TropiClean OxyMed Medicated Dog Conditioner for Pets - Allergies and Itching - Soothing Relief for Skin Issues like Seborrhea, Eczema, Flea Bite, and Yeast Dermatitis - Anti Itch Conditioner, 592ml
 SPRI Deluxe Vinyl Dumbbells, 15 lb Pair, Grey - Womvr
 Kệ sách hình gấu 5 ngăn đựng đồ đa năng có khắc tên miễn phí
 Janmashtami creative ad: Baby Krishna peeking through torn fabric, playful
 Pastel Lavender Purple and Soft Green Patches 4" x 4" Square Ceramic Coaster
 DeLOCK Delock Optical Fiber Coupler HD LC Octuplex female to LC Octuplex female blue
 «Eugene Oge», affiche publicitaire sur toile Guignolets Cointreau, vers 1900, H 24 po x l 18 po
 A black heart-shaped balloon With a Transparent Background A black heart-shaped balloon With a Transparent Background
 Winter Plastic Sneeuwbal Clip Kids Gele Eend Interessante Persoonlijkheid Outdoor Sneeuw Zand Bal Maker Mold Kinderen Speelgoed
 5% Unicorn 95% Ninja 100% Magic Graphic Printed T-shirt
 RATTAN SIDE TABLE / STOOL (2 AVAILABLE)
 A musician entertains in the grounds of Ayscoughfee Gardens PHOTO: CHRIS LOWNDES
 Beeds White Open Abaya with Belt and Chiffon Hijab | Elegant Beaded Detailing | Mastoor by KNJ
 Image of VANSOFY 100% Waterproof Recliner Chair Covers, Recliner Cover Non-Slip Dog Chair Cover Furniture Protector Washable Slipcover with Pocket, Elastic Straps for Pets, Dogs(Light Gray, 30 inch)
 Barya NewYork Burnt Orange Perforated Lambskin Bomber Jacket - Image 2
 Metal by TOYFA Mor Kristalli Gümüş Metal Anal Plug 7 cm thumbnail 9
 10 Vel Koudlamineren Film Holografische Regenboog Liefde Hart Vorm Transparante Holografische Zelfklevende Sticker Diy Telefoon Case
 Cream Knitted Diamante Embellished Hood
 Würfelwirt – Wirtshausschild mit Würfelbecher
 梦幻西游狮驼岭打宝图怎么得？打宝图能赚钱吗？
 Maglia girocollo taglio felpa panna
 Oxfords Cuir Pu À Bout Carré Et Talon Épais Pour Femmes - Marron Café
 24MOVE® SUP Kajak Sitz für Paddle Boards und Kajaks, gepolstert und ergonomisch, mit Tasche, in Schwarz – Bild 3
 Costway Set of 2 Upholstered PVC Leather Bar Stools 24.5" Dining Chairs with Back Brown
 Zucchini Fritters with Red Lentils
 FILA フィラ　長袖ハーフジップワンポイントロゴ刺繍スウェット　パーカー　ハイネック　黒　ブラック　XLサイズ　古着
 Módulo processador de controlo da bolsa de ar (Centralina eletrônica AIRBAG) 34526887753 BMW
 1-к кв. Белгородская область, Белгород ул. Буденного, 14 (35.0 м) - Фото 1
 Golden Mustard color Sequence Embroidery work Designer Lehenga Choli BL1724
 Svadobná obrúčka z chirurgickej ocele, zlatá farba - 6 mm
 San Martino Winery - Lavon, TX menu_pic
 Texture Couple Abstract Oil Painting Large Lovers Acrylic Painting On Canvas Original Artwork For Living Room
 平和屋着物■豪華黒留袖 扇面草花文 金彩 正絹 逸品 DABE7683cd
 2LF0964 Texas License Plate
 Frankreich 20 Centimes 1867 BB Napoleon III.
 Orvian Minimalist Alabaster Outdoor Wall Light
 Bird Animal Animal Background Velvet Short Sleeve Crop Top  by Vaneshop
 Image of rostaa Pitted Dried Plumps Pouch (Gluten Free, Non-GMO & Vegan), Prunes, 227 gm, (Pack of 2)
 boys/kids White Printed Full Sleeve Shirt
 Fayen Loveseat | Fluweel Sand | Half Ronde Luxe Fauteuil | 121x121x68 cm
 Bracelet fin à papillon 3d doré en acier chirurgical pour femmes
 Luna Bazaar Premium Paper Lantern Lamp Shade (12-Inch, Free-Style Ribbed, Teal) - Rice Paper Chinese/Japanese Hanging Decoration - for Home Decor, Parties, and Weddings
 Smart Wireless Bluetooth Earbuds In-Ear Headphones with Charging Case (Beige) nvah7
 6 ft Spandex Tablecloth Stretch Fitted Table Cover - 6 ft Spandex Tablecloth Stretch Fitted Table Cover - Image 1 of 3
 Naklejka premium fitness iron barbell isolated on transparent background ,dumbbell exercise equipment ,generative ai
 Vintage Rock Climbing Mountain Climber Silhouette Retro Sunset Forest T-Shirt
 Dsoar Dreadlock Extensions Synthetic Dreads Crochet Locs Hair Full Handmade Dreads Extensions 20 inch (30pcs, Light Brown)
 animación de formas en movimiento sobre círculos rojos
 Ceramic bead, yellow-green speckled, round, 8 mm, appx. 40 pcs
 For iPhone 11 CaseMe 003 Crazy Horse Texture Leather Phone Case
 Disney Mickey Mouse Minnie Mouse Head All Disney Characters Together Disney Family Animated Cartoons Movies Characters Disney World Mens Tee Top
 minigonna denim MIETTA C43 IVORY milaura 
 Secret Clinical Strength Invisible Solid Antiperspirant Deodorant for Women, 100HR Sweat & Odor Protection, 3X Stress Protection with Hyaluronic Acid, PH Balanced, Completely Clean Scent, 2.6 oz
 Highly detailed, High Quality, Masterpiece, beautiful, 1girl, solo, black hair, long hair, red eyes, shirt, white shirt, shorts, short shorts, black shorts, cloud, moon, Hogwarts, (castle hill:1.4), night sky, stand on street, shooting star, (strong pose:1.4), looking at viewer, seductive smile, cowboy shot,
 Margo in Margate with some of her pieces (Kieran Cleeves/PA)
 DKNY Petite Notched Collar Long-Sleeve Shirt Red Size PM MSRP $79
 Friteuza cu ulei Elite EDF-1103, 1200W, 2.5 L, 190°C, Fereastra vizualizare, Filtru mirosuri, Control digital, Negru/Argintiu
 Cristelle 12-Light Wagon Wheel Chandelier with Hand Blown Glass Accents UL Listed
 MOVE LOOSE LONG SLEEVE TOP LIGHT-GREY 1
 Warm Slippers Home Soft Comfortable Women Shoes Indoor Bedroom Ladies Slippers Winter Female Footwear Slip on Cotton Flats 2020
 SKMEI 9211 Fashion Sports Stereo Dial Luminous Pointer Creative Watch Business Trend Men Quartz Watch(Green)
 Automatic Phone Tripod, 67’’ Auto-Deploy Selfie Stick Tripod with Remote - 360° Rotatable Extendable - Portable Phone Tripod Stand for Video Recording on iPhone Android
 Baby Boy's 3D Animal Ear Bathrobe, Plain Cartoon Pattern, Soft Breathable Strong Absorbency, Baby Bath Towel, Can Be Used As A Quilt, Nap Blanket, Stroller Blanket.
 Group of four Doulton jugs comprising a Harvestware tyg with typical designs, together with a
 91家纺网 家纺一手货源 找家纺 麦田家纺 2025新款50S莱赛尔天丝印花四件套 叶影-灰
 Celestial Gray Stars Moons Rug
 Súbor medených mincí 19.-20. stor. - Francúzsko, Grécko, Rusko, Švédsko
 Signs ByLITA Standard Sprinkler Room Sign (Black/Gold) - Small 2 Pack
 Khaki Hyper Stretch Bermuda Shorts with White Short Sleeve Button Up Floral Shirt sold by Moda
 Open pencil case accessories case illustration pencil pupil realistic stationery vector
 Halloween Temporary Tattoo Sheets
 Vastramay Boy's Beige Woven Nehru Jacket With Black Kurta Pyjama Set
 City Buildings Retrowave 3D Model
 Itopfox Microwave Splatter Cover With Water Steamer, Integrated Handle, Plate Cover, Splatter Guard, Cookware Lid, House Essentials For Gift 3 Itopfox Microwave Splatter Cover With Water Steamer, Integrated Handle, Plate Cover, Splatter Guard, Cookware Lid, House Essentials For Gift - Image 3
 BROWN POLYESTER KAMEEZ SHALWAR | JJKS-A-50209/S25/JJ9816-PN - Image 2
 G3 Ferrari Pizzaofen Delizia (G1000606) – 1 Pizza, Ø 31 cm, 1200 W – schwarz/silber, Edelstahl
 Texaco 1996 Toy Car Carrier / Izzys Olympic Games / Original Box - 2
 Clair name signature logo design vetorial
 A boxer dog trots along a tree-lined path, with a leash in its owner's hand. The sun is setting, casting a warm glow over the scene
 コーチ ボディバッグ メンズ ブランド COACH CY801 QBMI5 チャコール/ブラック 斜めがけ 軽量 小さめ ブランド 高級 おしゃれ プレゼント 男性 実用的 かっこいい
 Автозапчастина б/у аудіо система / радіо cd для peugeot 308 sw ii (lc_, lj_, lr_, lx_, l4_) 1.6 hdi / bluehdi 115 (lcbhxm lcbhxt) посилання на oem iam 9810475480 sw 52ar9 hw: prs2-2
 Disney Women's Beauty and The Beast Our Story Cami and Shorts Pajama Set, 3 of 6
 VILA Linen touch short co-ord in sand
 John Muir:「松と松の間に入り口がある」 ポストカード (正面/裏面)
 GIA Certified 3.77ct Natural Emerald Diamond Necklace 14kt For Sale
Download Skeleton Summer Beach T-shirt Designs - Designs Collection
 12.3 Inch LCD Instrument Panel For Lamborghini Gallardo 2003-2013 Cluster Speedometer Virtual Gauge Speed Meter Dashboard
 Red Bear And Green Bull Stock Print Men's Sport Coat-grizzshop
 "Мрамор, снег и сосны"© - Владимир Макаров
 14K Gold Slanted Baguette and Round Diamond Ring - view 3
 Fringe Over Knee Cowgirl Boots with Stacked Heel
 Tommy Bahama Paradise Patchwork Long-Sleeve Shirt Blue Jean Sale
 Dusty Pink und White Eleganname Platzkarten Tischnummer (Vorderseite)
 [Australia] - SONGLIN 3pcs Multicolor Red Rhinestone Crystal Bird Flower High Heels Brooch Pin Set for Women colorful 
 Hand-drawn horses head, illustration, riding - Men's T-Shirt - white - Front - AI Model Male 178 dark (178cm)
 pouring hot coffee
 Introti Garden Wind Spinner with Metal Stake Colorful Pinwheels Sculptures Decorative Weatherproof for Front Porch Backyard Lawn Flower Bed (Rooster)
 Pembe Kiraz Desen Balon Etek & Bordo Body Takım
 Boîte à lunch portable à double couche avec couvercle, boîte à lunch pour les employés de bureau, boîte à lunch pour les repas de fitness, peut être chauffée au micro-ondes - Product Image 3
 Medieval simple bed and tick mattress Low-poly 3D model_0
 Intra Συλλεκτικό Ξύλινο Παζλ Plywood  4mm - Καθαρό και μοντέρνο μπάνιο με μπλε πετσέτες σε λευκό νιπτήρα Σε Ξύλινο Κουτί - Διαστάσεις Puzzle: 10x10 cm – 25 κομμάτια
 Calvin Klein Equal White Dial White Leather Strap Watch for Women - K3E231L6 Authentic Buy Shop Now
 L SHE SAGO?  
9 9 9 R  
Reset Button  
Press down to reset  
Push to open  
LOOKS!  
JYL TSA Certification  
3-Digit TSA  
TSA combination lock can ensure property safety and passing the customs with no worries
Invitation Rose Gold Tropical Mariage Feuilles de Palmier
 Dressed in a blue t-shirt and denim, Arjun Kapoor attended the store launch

---

ACTIVITY:
Where the string "Stretch" occurs in a line above, count that line, and report solely the final figure.

RESULT:
2